## Source data
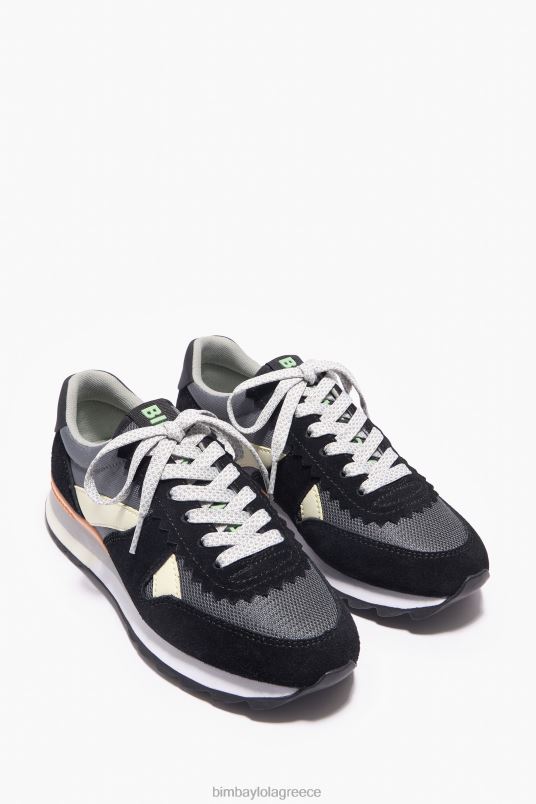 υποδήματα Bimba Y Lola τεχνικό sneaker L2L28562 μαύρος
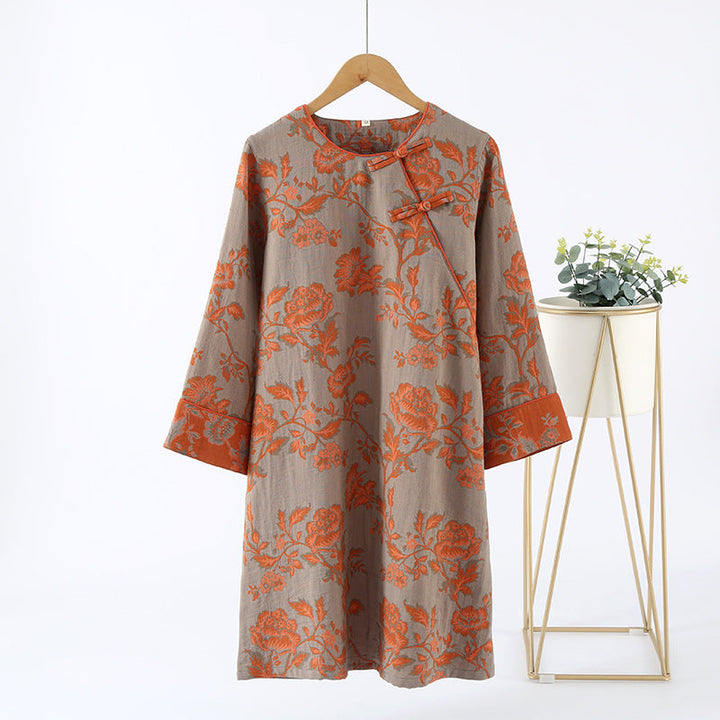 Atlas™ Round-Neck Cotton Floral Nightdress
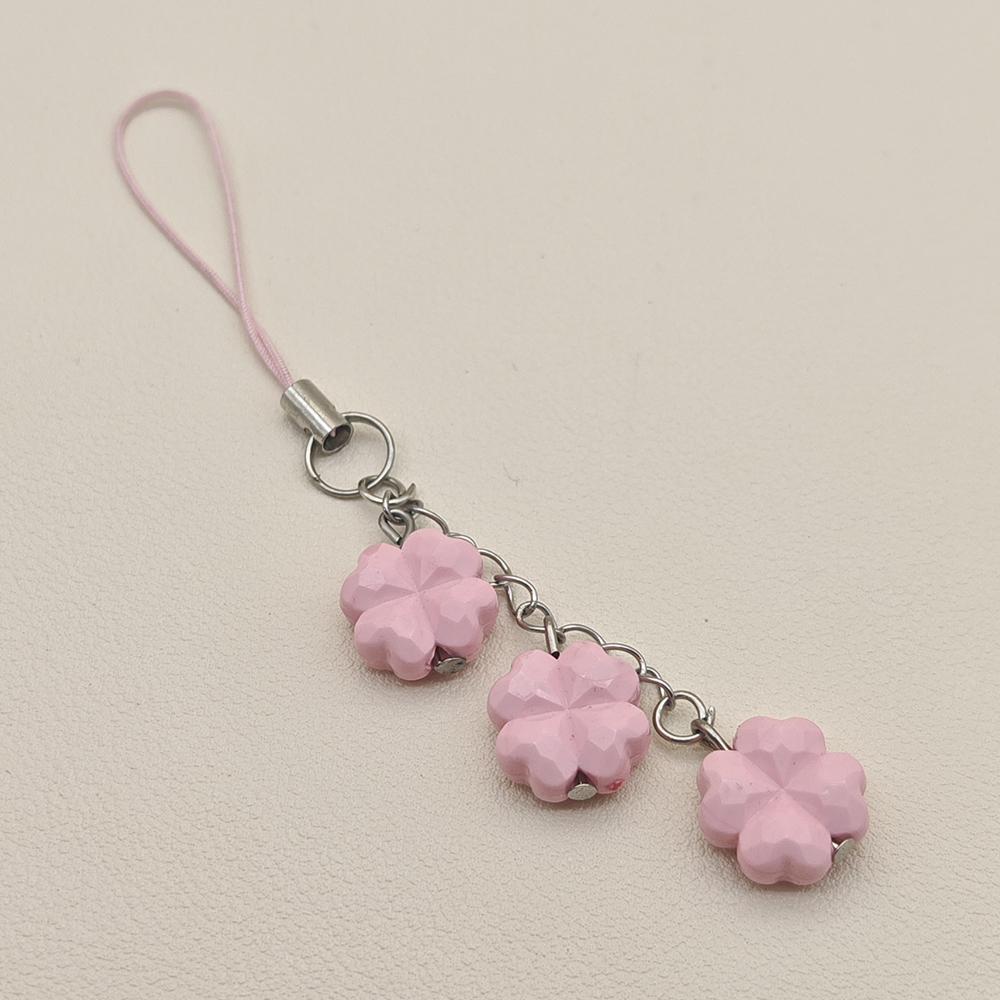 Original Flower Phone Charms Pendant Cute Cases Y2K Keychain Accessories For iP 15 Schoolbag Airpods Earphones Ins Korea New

## Task brief
Set down all the data again exactly as above, pictures excluded.

## Response below
 υποδήματα Bimba Y Lola τεχνικό sneaker L2L28562 μαύρος
 Atlas™ Round-Neck Cotton Floral Nightdress
 Original Flower Phone Charms Pendant Cute Cases Y2K Keychain Accessories For iP 15 Schoolbag Airpods Earphones Ins Korea New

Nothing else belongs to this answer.